── RECORDS SHOWN
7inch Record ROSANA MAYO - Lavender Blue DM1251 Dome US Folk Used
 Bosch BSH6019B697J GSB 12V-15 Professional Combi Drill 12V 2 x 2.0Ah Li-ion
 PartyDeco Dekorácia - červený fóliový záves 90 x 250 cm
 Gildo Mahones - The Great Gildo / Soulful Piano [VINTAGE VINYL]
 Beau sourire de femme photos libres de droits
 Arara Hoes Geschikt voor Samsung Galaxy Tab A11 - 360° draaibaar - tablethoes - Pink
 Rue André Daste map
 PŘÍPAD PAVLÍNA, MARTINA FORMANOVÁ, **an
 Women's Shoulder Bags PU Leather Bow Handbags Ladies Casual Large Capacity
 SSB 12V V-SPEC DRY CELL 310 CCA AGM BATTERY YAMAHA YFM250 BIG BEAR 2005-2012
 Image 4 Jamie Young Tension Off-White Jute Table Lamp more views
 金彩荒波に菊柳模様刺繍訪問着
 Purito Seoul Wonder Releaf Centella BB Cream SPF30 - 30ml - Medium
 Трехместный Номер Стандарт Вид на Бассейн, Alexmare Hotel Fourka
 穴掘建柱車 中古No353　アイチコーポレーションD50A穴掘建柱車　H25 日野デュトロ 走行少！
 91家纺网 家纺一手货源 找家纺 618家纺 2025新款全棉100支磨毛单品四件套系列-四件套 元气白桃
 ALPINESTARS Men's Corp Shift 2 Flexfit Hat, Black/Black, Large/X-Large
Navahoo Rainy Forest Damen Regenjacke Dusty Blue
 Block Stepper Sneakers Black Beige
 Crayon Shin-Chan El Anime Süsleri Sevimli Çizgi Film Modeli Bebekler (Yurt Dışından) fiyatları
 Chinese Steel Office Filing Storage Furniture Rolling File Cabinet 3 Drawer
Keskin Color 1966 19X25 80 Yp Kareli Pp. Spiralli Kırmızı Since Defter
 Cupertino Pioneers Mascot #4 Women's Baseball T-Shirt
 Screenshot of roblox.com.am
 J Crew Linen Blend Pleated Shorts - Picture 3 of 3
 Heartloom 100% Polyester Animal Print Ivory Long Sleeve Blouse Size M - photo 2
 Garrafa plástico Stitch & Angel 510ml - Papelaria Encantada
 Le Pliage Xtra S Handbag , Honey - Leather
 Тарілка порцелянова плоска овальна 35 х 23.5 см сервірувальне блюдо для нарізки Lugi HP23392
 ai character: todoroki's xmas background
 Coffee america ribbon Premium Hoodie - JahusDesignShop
────
_WHAT YOU SHOULD DO:_ Each line from the one containing "Purito Seoul Wonder" to the final line of the entries above must be returned exactly, and no other line may appear.

_FINAL ANSWER:_
 Purito Seoul Wonder Releaf Centella BB Cream SPF30 - 30ml - Medium
 Трехместный Номер Стандарт Вид на Бассейн, Alexmare Hotel Fourka
 穴掘建柱車 中古No353　アイチコーポレーションD50A穴掘建柱車　H25 日野デュトロ 走行少！
 91家纺网 家纺一手货源 找家纺 618家纺 2025新款全棉100支磨毛单品四件套系列-四件套 元气白桃
 ALPINESTARS Men's Corp Shift 2 Flexfit Hat, Black/Black, Large/X-Large
Navahoo Rainy Forest Damen Regenjacke Dusty Blue
 Block Stepper Sneakers Black Beige
 Crayon Shin-Chan El Anime Süsleri Sevimli Çizgi Film Modeli Bebekler (Yurt Dışından) fiyatları
 Chinese Steel Office Filing Storage Furniture Rolling File Cabinet 3 Drawer
Keskin Color 1966 19X25 80 Yp Kareli Pp. Spiralli Kırmızı Since Defter
 Cupertino Pioneers Mascot #4 Women's Baseball T-Shirt
 Screenshot of roblox.com.am
 J Crew Linen Blend Pleated Shorts - Picture 3 of 3
 Heartloom 100% Polyester Animal Print Ivory Long Sleeve Blouse Size M - photo 2
 Garrafa plástico Stitch & Angel 510ml - Papelaria Encantada
 Le Pliage Xtra S Handbag , Honey - Leather
 Тарілка порцелянова плоска овальна 35 х 23.5 см сервірувальне блюдо для нарізки Lugi HP23392
 ai character: todoroki's xmas background
 Coffee america ribbon Premium Hoodie - JahusDesignShop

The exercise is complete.